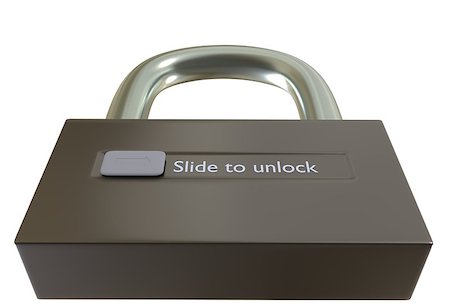 simsearch:400-04531638,k - Lock with slide to unlock button 3d render Fotografie stock - Microstock e Abbonamento, Codice: 400-09070843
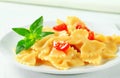 Bow tie pasta with cream sauce Royalty Free Stock Photo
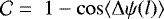Mathematical equation: $\mathcal{C} ={\;}1 - \cos \langle \Delta \psi (l) \rangle$
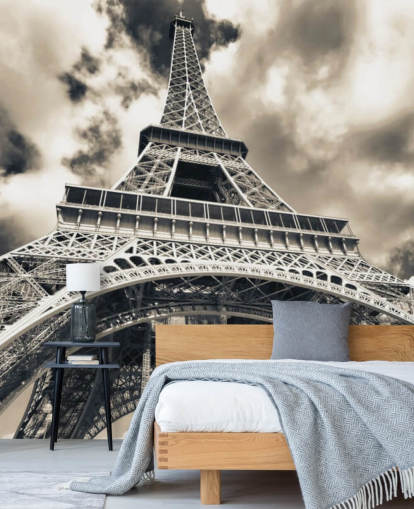 Black and White View of Eiffel Tower from Below Wallpaper Black and White View of Eiffel Tower from Below Wallpaper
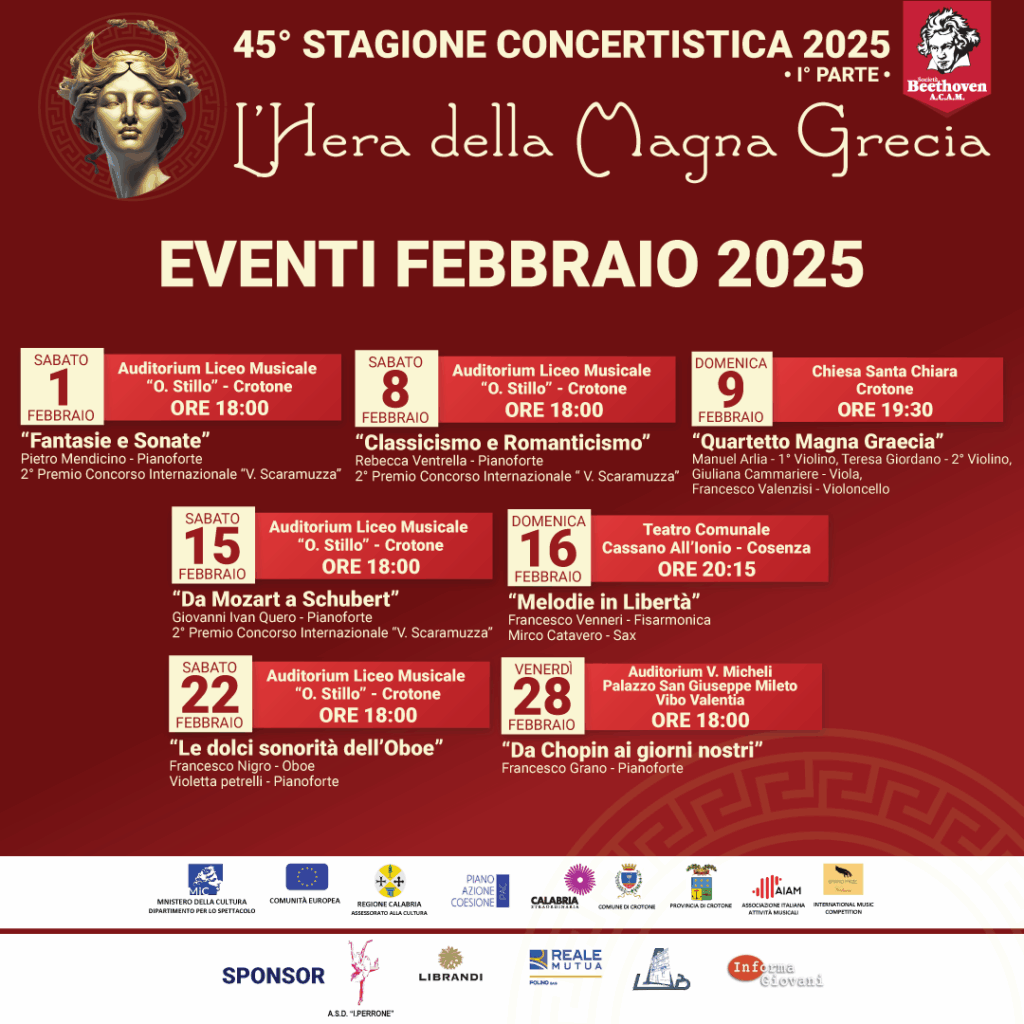 FEBBRAIO-DEFINITIVO-1024x1024 Programma 45° Stagione Concertistica 2025 - I° Parte - L'Hera della Magna Grecia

*Action item*:
Omit the pictures. Transcribe word for word the lines from the one containing "Bow tie pasta" through the end of the listing, inclusive.

*Task answer*:
 Bow tie pasta with cream sauce Royalty Free Stock Photo
Mathematical equation: $\mathcal{C} ={\;}1 - \cos \langle \Delta \psi (l) \rangle$
 Black and White View of Eiffel Tower from Below Wallpaper Black and White View of Eiffel Tower from Below Wallpaper
 FEBBRAIO-DEFINITIVO-1024x1024 Programma 45° Stagione Concertistica 2025 - I° Parte - L'Hera della Magna Grecia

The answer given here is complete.